North Korean leader Kim Jong Un is making a two-day visit to Beijing, Chinese state media reported Tuesday, a week after his unprecedented summit with US President Donald Trump.
The outing comes as China has sought to strengthen its role as a mediator between the US and North Korea, where Beijing claims compelling security and economic interests.
Dozens of security vans, police cars and armoured vehicles lined streets around Beijing's Diaoyutai State Guesthouse on Tuesday afternoon, where Kim had stayed in his previous visit.
The leader, who is believed to have landed in the Chinese capital Tuesday morning, was expected to head to the Great Hall of the People to meet with Chinese President Xi Jinping.
Chinese state broadcaster CCTV reported that the North Korean autocrat would be in Beijing through Wednesday.
The trip is Kim's third to China since March, when he made his inaugural foreign trip as leader.

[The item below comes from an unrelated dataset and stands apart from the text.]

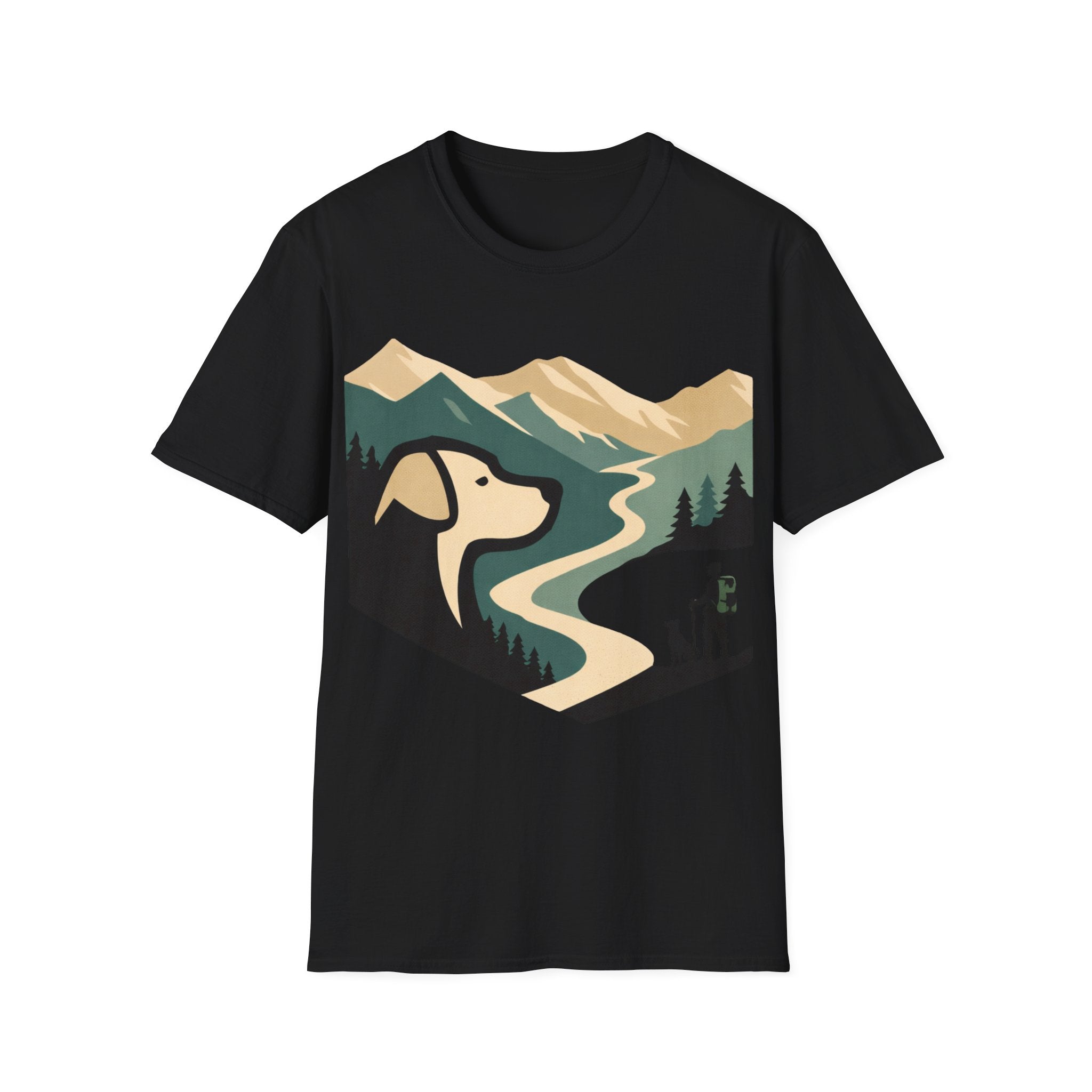 Minimalistic Dog Man Trail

In addition to discussing last week's summit, Kim is expected to ask China to help him in efforts to seek relief from economic sanctions in return for his pledge to denuclearise, Japan's Nikkei business daily said in a dispatch from Beijing.
Following the historic US-North Korea summit in Singapore a week ago, China suggested the UN Security Council could consider easing the economic punishment of its Cold War-era ally.

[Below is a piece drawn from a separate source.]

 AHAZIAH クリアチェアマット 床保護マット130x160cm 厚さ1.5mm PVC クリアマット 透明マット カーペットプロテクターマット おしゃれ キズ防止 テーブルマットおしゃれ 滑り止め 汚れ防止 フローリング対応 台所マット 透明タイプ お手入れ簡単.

China may not have been at the table for the historic summit in Singapore but it retains strong influence behind the scenes.

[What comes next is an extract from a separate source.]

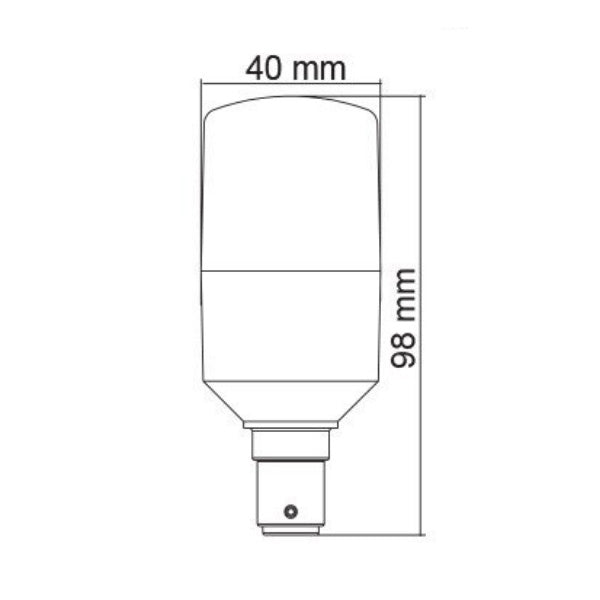 LT40 LED Globe 240V 7W SBC Opal Polycarbonate 3CCT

In a joint statement following the Singapore summit, Kim pledged to "work toward the complete denuclearisation of the Korean Peninsula."
Trump hailed this as a concession but critics said the stock phrase long used by Pyongyang stopped short of longstanding US demands for North Korea to give up its atomic arsenal in a "verifiable" and "irreversible" way.
It is now urgent for Xi and Kim to discuss how North Korea will work towards meeting US demands, said Beijing-based international relations commentator Hua Po.
"There may be differences ahead between the DPRK and the US in regards to denuclearisation, because the US wants irreversible and verifiable denuclearisation. It may be difficult for Kim Jong Un to accept," Hua told AFP.
"Therefore, both China and the DPRK want to strengthen communication and form an overall strategy to deal with the United States going forward," Hua added.
In return for the denuclearisation pledge, Trump made the shock announcement that he would stop joint military drills with South Korea, long seen as a provocation by Pyongyang and Beijing.
Analysts saw this as a clear sign of Beijing's influence.
Beijing has repeatedly called for a "dual-track and suspension for suspension" approach where the North would stop its nuclear and missile activities in exchange for the US and South Korea halting military exercises.
But Washington had previously rebuffed the proposal.
On Tuesday, the US and South Korean militaries confirmed they have called off scheduled joint exercises following Trump's order.
Trump had raised eyebrows by describing the exercises as "provocative" -- a term used by the North.